##### Provided material #####

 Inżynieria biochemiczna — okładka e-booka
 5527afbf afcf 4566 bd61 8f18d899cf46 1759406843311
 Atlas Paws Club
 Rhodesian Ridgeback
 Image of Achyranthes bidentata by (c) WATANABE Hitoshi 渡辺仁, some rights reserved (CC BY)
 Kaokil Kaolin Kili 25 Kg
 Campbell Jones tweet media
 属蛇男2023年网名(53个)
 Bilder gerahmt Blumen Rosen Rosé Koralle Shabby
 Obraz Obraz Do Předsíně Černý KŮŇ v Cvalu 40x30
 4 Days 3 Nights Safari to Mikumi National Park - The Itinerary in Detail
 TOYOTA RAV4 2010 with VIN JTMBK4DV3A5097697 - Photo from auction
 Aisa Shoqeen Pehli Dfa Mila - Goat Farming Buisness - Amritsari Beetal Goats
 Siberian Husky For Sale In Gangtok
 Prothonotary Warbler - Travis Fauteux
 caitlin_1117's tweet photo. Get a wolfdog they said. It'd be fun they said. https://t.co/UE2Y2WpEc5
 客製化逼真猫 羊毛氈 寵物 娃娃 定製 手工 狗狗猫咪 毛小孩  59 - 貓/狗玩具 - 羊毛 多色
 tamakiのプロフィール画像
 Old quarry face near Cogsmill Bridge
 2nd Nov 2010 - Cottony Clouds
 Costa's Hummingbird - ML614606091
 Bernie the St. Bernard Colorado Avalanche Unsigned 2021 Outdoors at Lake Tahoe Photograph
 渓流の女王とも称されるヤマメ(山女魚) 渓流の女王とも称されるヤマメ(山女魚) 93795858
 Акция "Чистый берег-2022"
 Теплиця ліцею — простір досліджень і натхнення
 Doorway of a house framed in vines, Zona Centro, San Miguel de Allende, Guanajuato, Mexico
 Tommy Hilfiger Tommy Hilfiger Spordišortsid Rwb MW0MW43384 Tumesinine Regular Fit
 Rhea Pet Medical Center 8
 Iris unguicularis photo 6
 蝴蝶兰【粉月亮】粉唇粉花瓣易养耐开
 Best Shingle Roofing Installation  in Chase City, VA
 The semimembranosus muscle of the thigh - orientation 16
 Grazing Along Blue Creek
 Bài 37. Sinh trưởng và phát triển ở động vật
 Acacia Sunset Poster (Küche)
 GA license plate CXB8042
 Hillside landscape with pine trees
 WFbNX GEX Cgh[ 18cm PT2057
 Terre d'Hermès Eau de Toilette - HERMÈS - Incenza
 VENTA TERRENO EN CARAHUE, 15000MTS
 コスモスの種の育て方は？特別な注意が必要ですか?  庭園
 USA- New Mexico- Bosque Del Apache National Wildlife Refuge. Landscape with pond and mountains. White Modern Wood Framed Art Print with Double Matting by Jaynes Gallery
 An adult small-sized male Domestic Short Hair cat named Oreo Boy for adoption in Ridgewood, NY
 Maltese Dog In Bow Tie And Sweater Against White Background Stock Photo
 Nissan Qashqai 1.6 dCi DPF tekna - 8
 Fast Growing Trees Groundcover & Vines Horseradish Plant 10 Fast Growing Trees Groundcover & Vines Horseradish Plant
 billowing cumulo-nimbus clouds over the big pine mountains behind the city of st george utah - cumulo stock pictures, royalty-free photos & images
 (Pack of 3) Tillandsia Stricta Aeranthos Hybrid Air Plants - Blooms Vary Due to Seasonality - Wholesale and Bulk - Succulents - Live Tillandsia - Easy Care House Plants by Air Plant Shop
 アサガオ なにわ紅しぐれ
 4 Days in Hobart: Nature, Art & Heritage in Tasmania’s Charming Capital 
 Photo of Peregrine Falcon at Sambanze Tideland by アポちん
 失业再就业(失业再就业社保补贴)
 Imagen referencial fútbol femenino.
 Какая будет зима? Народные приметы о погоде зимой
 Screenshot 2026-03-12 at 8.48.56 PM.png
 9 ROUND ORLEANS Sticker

#####

Reproduce every line of the listing above in which the string "National" appears.

 4 Days 3 Nights Safari to Mikumi National Park - The Itinerary in Detail
 USA- New Mexico- Bosque Del Apache National Wildlife Refuge. Landscape with pond and mountains. White Modern Wood Framed Art Print with Double Matting by Jaynes Gallery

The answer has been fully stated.